Omicidio preterintenzionale e false dichiarazioni. Con questi due capi d’imputazione, il 4 dicembre prossimo, partirà il processo per la morte di Domenico Ferrulli. Sul banco degli imputati siederanno quattro agenti di polizia: Francesco Ercoli, Michele Lucchetti, Roberto Stefano Piva e Sebastiano Cannizzo.
Così questa mattina ha deciso il gup di Milano, Alfonsa Ferraro, alzando di un bel po’ l’asticella dell’accusa rispetto a quanto chiesto quest’estate dalla procura milanese. Il fascicolo, chiuso dal pubblico ministero Gaetano Ruta, chiedeva sì il rinvio a giudizio dei quattro uomini in divisa, ma per omicidio colposo, una posizione decisamente più lieve rispetto a quanto stabilito oggi dalla Ferraro.
La novità è davvero “dirompente” come ha commentato Fabio Anselmo, l’avvocato di parte civile della famiglia Ferrulli. Se, infatti, prima i poliziotti rischiavano una pena compresa tra i sei mesi e i cinque anni di reclusione, adesso, in caso di condanna, le porte della prigione potrebbero restare chiuse molto più a lungo: dieci, dodici, quindici, fino a diciotto anni.
Domenica Ferrulli, 27 anni, figlia di Michela può ritenersi soddisfatta e, infatti, su Facebook le sue parole sono quelle di chi, anche se da lontano, comincia a intravedere una qualche forma di giustizia.
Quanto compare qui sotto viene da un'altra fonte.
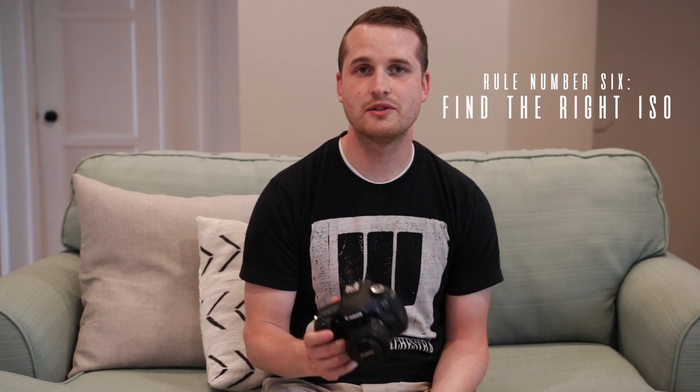Rule number six: find your camera's ISO sweet spot. ISO basically allows your camera to bring in more light — it's artificial light, not natural light. So it can add a lot of noise to your image if you bump it up too high. The key is to just take a handful of photos and adjust the ISO as needed.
Non un sorriso sulla sua faccia – sarebbe difficile, con gli assassini di tuo padre davanti agli occhi –, ma una determinazione fuori dal comune, talmente forte che un anno di pressioni e provocazioni di vario genere non sono riusciti nemmeno a intaccarla. Volevano trasformarla in una guerra di nervi, nel logoramento costante di chi da solo sfida un meccanismo colossale. La forza di Domenica è stata quella di non scomporsi mai, con la consapevolezza di avere la verità dalla sua parte, insieme con Ilaria Cucchi, Lucia Uva, Patrizia Moretti, mamma di Federico Aldrovandi: le donne che con il loro attivismo cercano di fare luce là dove il buio è più nero, dove un innocente incontra una divisa, e non sopravvive.
“Meno male – ha detto Domenica Ferrulli – che c’erano i video, altrimenti nessuno avrebbe creduto alle nostre parole”.
Era il 30 giugno del 2011 quando Michele Ferrulli – 51 anni, di professione facchino – si trovò davanti quei quattro agenti. Sarà l’ultimo incontro della sua vita. La chiamata al 113 arriva da dietro una delle serrande chiuse di Via Varsavia (periferia sud-est di Milano): “C’è gente che in strada sta facendo un rumore insopportabile”. Era Michele con alcuni dei suoi amici. Arriva una volante dal commissariato di Mecenate, poco dopo arrivano altri due agenti direttamente dalla questura di via Fatebenefratelli. Sono da poco passate le dieci di sera.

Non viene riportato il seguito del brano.